This week the Supreme decides whether we can have guns or not. For the first time since 1934, the Highest Court is going to rule on whether Article II of the Bill of Rights allows individuals to keep and bear arms, or whether only well-regulated militias can keep and bear them, or whether only Senator Diane Feinstein (D-CA) can keep and bear them.
The case itself is a challenge to Washington D.C.'s draconian gun control law, which can best be described as a raging failure. Congresspersons, high-level government functionaries, Supreme Court Justices, and ranking media figures do not get held up or murdered an awful lot. Ordinary people in D.C., however, have good reason to fear.
The D.C. law is being challenged as unconstitutional. If the Supremes find it so, we are told, we can all rush out and buy MP-5s. If they find for the District of Columbia, we are warned that assorted jackbooted thugs will immediately begin kicking in doors, frightening old people into heart attacks, stomping on kittens and puppies, and taking every gun they can lay their hands on, legal or not.

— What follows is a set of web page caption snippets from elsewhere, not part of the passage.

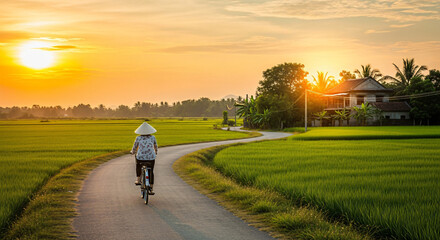 Obraz premium Woman Cycling Through Rice Fields at Sunset Rural Scenery
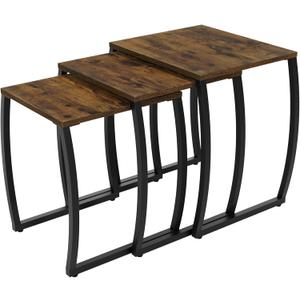 SRIWATANA Nesting Tables, Vintage Side End Tables Living Room, Coffee Snack Table Set of 3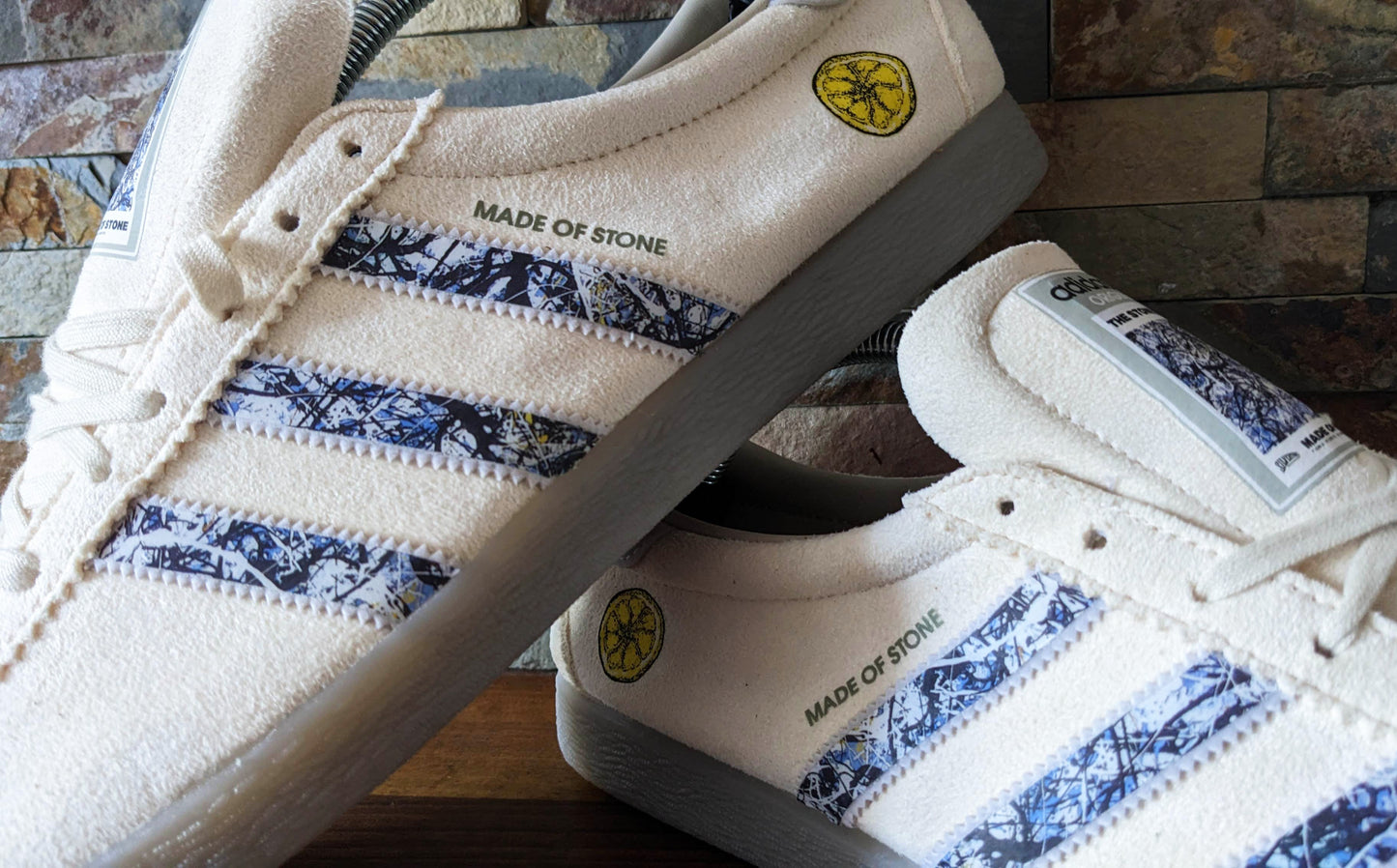 Limited edition The Stone Roses Made of Stone Custom Adidas originals off white / grey trainers / sneakers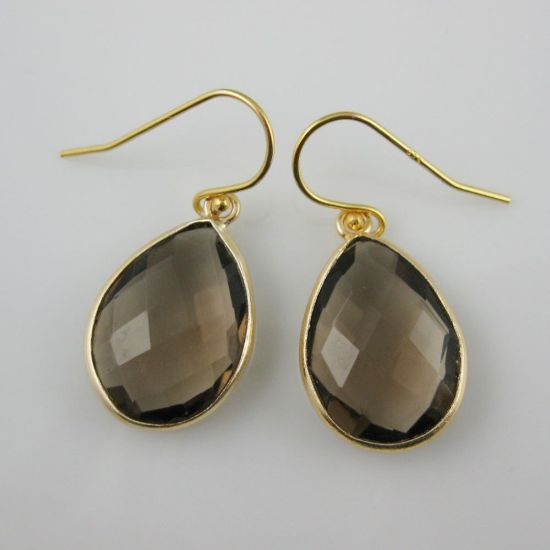 Wholesale Bezel Gemstone Tear Pendant Necklace & Earrings - Gold Plated - Smoky Quartz (16-24")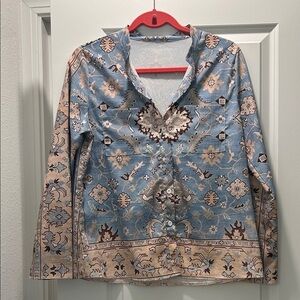 SHEIN Blue and Beige Patterned Top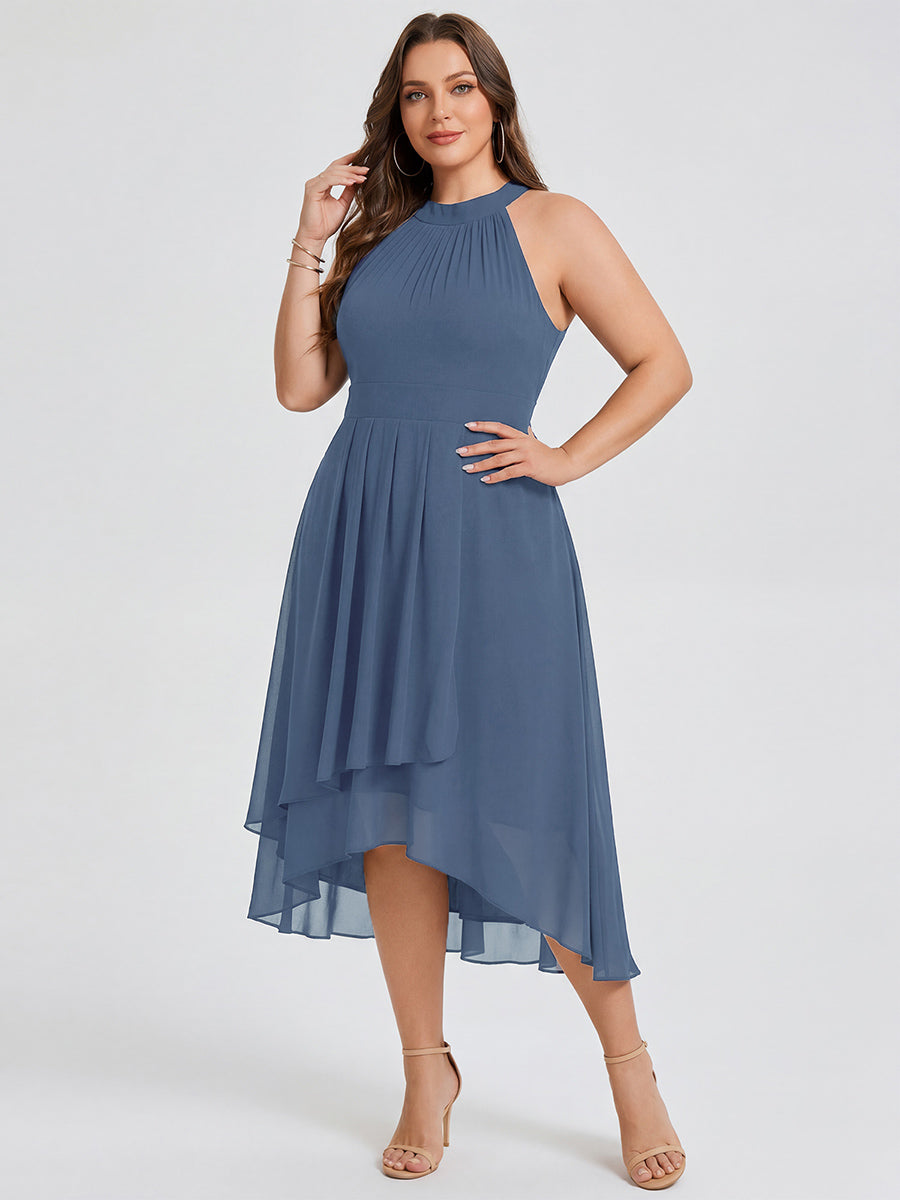 Flowy Plus Size Halter Neck Chiffon Midi Wedding Guest Dress #color_Dusty Blue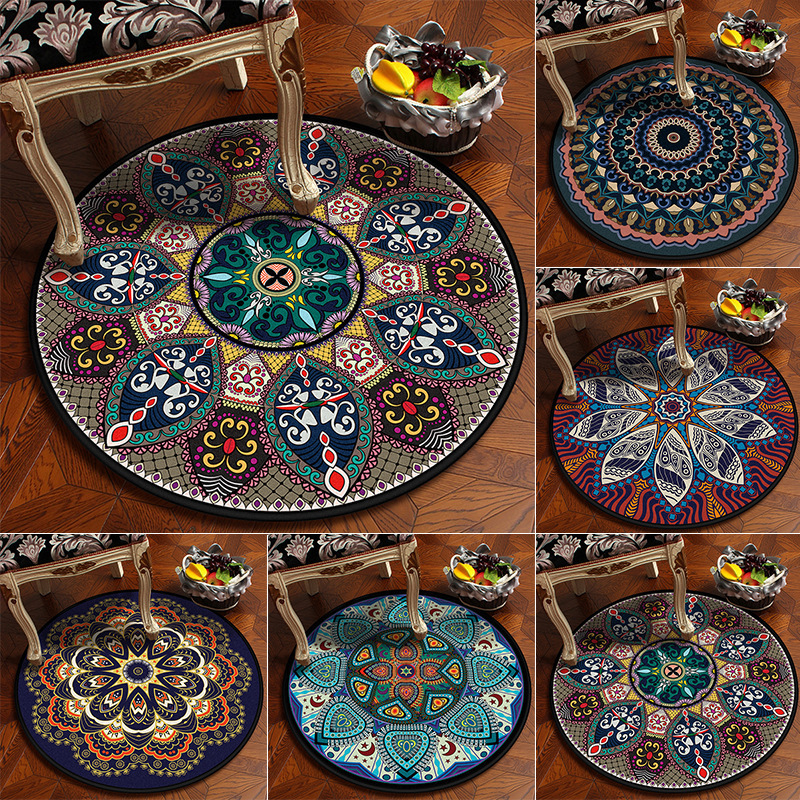 Ethnic Mandala round carpet crystal velvet floor mat地垫 居家布艺 地毯 原图主图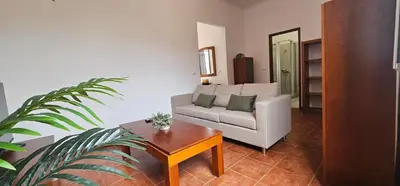 a living room with a couch and a coffee table at Casa do Juvenal in Funchal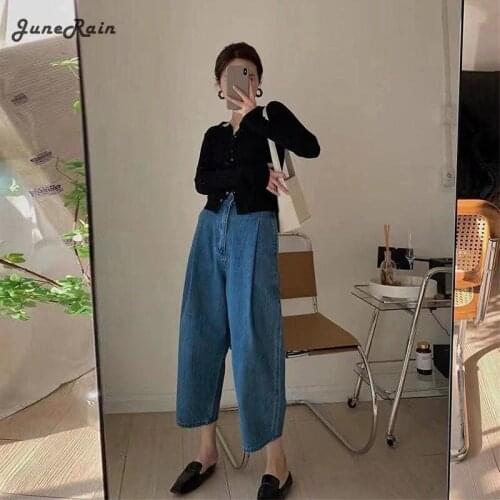 JuneRain New Women Summer Jeans High Waist Loose Denim Wide Leg Pants Casual Banana Trousers Vintage Korean Ankle Length Pants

Except, that we are talking about THE LAW here, and nothing about THE LAW is ever clear, simple, and unambiguous. However it finds, the Supreme Court will then have to delineate some kind of guidelines on how far the individual's right extends, and on how far the government may go in enforcing controls on guns. This is where the real nut-cutting will take place.
If our side wins (whatever a "win" is), that does not mean we can assume that the long nightmare is over. Sarah Brady, et al, will never quit and never go away.
But if the DC law prevails, I would not rush out in the dark of night to bury my firearms. The Feds have equipment that can overfly a chunk of real estate and find a hairpin buried 50 feet deep. Or so I am told.